Unemployment fell to 4.2% in December, levels not seen since Howard and Rudd, and roughly a year earlier than the RBA’s central scenario forecast.
First on the chopping block is likely to be the RBA’s quantitative easing program, where it purchases $4 billion in government bonds weekly in a bid to keep borrowing costs low and lending easy.
Already slated for review, analysts expect Tuesday’s inflation data will force the RBA to announce the program’s end come its next board meeting, due 1 February.
“The RBA doesn’t need to give the market any warning because it’s already ahead of them. The market is already expecting it,” says Warnes.
Volatility for equity markets
The ASX crashed below 7,000 points following the release. At the closing bell the benchmark S&P/ASX200 was down 2.5% in a display of the volatility accompanying central banks as they begin to raise rates in a world long accustomed to easy money.
Higher rates will hit equity markets through bond yields, says David Bassanese, chief economist at fund manager BetaShares. The prospect of higher interest rates here and abroad is pushing up yields on benchmark government bonds. Higher yields lower the present value of companies’ future earnings, squeezing valuations. They also make bonds a more attractive place to stash cash.
“The reality is that as bond yields grind higher, equity valuations should grind lower. That’s what we have seen and will continue to see for a little while yet,” he says.
Yields on Australian 10-year government bonds rose to 1.94% on Tuesday, up from 1.57% a month earlier. It’s a similar story in the US where yields have risen to 1.75%, compared to the 1.49% posted a month earlier.
The rapid changes in global bond markets have already forced painful readjustments in equity markets globally. The high-flying Nasdaq Composite is down 12.5% this year as selling spreads from troubled small caps to the inner sanctum of technology mega-caps. Europe’s Stoxx 600 has shed 6.9%, while the S&P/ASX 200 is down 8.3% since the year began.
But rising inflation won’t sink all boats equally. Over the long haul, stocks tend to do all right when inflation rises, says Russel Kinnel, director manager research at Morningstar. Look for companies with strong brands who can pass price rises on to consumers, he says.
Banks and financials have historically been seen as safe inflation plays because of how higher rates pads margins.

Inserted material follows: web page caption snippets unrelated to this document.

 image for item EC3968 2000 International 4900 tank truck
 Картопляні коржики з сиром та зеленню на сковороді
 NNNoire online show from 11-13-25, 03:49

“Households can’t avoid it”
Higher prices for essentials and the continuing impact of supply chain issues are signals inflation may stick around for longer than expected, says Warnes.

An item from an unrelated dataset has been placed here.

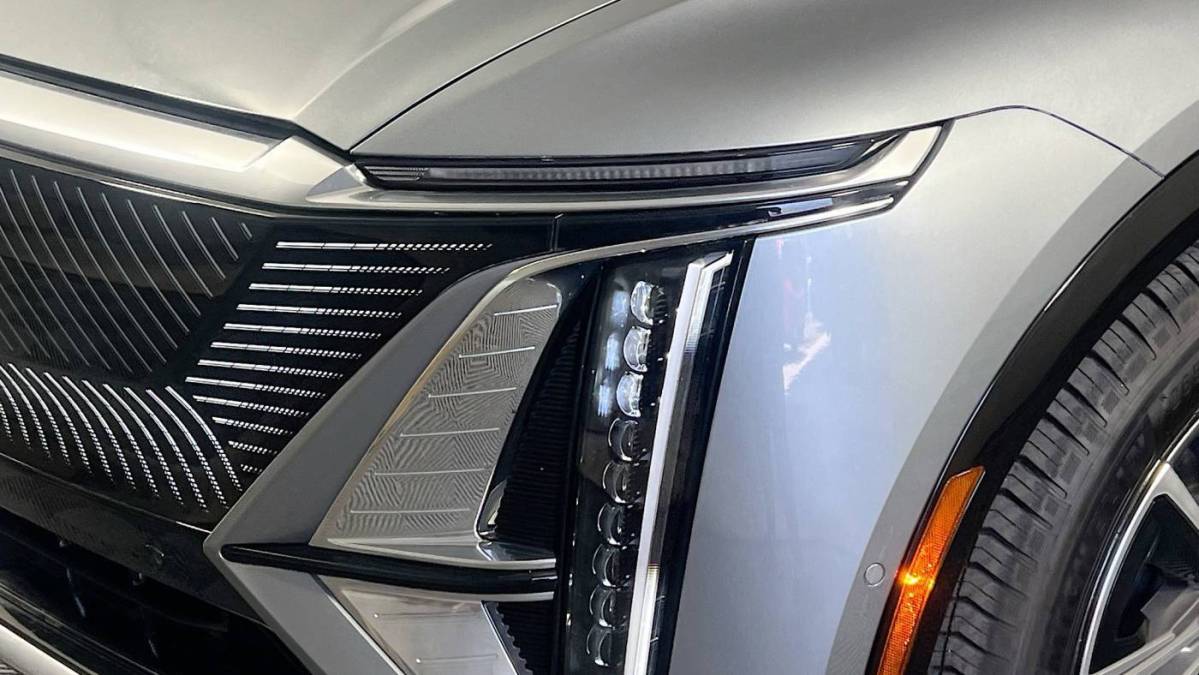2024 Cadillac Lyriq - Images - 30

“Problem is non-discretionaries, which means essentials. It means households can’t avoid the inflation. That is the problem,” he says.
Prices for non-discretionary goods and services rose 4.5% for the year, more than double the rate for discretionary items. The category includes food, fuel, housing and health, which households struggle to consume less off even as prices rise.
Meanwhile, supply chain bottlenecks and shortages continued to make themselves felt through higher prices for goods. The rate of goods inflation rose to 4.3%, driven by jumps in furniture, motor vehicles and clothing accessories, up between 5.7% and 6.8%. In contrast, services rose 2.3%.
“More broadly, global supply chain disruptions and material shortages, combined with rising freight costs and high demand, contributed to price increases across a wide range of goods including dwelling construction materials, motor vehicles, furniture and audio-visual equipment,” says Marquardt.
An end to restrictions in many states and border reopenings ahead of Christmas led to a big jump in prices for domestic travel and accommodation, up 4.8%.
“A lot of these supply chain issues are going to be hanging around for a little while. Yes, the rate of growth will slow, but there’s a lot of pandemic-related costs embedded into many companies and that will keep prices up,” says Warnes.